私は、代々の写本の落丁の頁番号を、紙に書き出してみた。三代前は二十七頁、二代前は十九頁、先代――父の代――は三十三頁。一見、何の規則性もない数字に見えた。だが、それぞれの代に家に起きた出来事の年を並べてみると、頁番号は、その年に家の者が亡くなった月の数――閏月を含めた数――と、寸分違わず一致していた。偶然にしては、あまりに精緻な符合だった。
私は蔵の隅に積まれた過去帳を引っ張り出し、一枚一枚、丁寧に照らし合わせた。夜が更けるにつれ、行灯の油が減っていくのも忘れて、数字と数字を突き合わせ続けた。すると、単に月数が一致するだけでなく、閏月のある年には、落丁の頁番号が必ず十三で割り切れる数になっていることにも気付いた。これほどまでに精緻な規則が、単なる偶然の産物であるはずがない。むしろ、誰かが――あるいは図譜そのものが――意図してこの符合を刻み続けているのではないか、という考えが、私の中で次第に形を成していった。
巻頭の「始祖の顔」を写す段になり、私はさらに奇妙なことに気付いた。もっとも古い写本を開いても、そこに描かれているのは、輪郭線だけの、のっぺりとした余白に近い顔だった。目鼻の位置に淡い墨の滲みがあるばかりで、誰の顔とも判じがたい。代々の当主は、この曖昧な輪郭を、それぞれ思い思いの筆致で「始祖の顔」として写し取ってきたに過ぎないのではないか、と私は思い至った。つまり、始祖の顔とは、最初から誰の顔でもなく、写す者自身の解釈が映り込む、鏡のような余白だったのだ。
試みに、三代分の写本を並べて、始祖の顔を見比べてみた。すると、面白いことに気付いた。眉の形も、目の大きさも、代によって微妙に異なっている。三代前の写本では、始祖の顔はどこか厳めしく、四角い輪郭をしていた。二代前では、それがやや丸みを帯び、優しげな面立ちに変わっている。まるで、写した当主自身の顔つきが、そのまま始祖の顔に映り込んでいるかのようだった。もしそうであるなら、始祖などという者は、そもそも存在しなかったのかもしれない。ただ、写す者の顔だけが、代々受け継がれてきたのだ。

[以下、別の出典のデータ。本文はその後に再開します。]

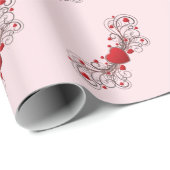 Scrolled Hearts Romantic Geschenkpapier (Rolleneckpunkt)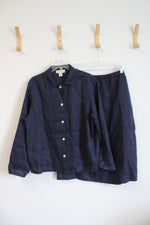Evan-Picone Navy Button Down Top & Skirt Set | L/14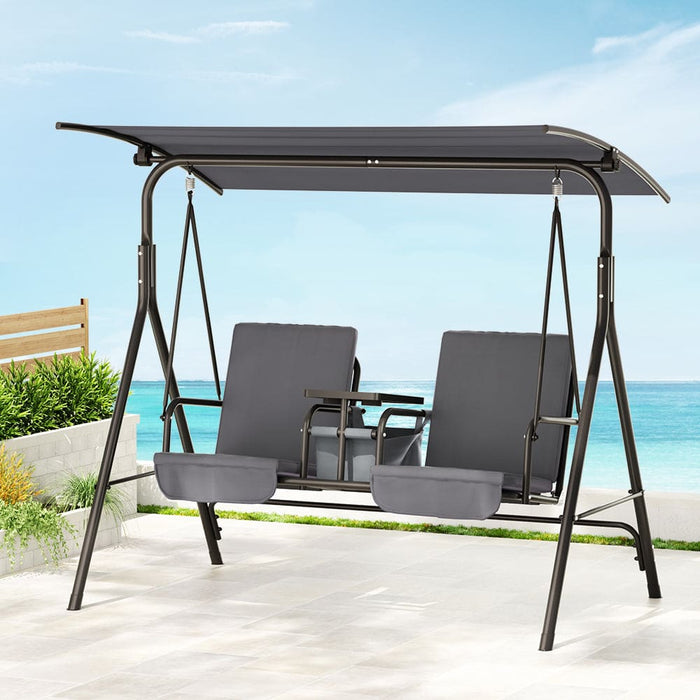 Outdoor Patio Swing Chair 2 Seater Canopy Table Top Cup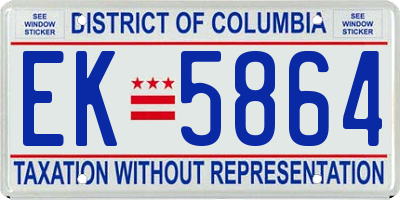 DC license plate EK5864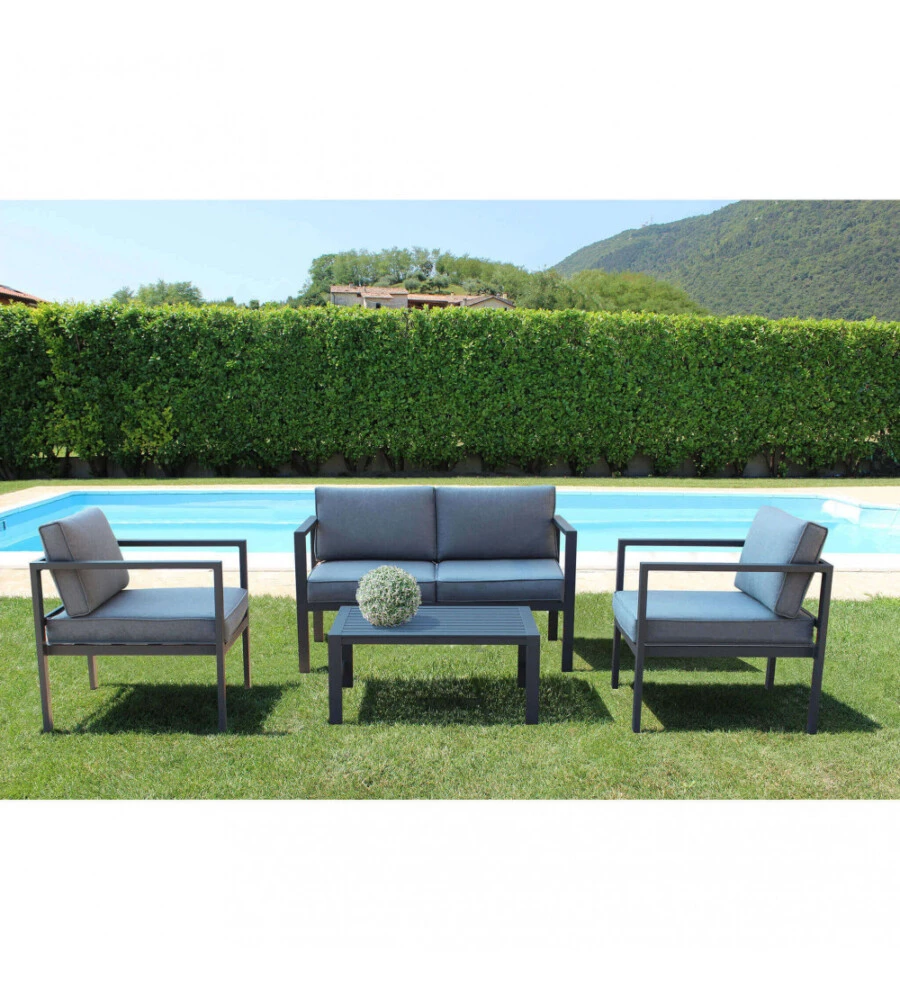 Set da giardino elica garden "avana" in alluminio antracite con 2 poltrone, un divano e un tavolino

ならば、と私は考えた。当主が自らの顔を描こうとした瞬間に頁が失われるという現象も、迷信ではなく、単なる自己検閲――己の顔を客観的に描くことへの羞恥、あるいは畏れが、筆を止めさせてきたに過ぎないのではないか。骨相学の精緻な計測法を用いれば、私は誰よりも冷静に、自らの顔を描き切ることができるはずだった。
私は最後の頁を開き、鏡を傍らに置いた。頭蓋の傾き、眉間の角度、耳朶の位置――一つ一つを、数値で捉えるように、丁寧に線を引いていった。筆が進むほどに、妙なことに気付いた。描かれていく輪郭が、私自身の顔よりもむしろ、あの「始祖の顔」――目鼻の淡い、のっぺりとした余白――に、少しずつ似通っていくのだ。
馬鹿げている、と私は思おうとした。だが筆を止めることができなかった。
輪郭を描き終え、目を入れようとした、その時である。手元の鏡に映る自分の顔が、紙の上の顔と重なっていることに気付いた。いや、正しくは――どちらが鏡で、どちらが紙であるのか、私にはもう判じがたくなっていた。
筆を持つ手は、まだ動いている。だが、それを見ている「私」は、いつの間にか、蔵の外にいるようだった。行灯の灯る蔵の中で、一人の男が、机に向かって一心に筆を動かしている。その背を、私は紙の内側から――否、図譜の余白そのものから――静かに見つめていた。
妙なことに、恐怖はなかった。ただ、長い間探し求めていた答えに、ようやく辿り着いたような、静かな納得だけがあった。父が「図譜を継ぐことだけは、やめてはならぬ」と言った、その真意も、今ならわかる気がした。継ぐとは、写すことではなかった。継ぐとは、いつか自らが写される側に回ることだったのだ。
その顔は、かく記される。
眉間、狭く、思慮深きに過ぎたり。目、理を求めて、情を見失う相あり。この者、代々の落丁の理を解かんとして、自らその理となれり。
次代の当主が、いつかこの頁を開くだろう。そして、始祖の顔として、この輪郭を写し取るに違いない。その者もまた、いつか同じ鏡を覗き込み、同じ問いに行き当たる。落丁とは、消えることではない。ただ、次に写す者を待って、静かに息をひそめているだけなのだ。
蔵の外では、もう夜が明けかけている。誰かが、私の名を呼んでいる。だが、その声に応える口を、私はもう持たなかった。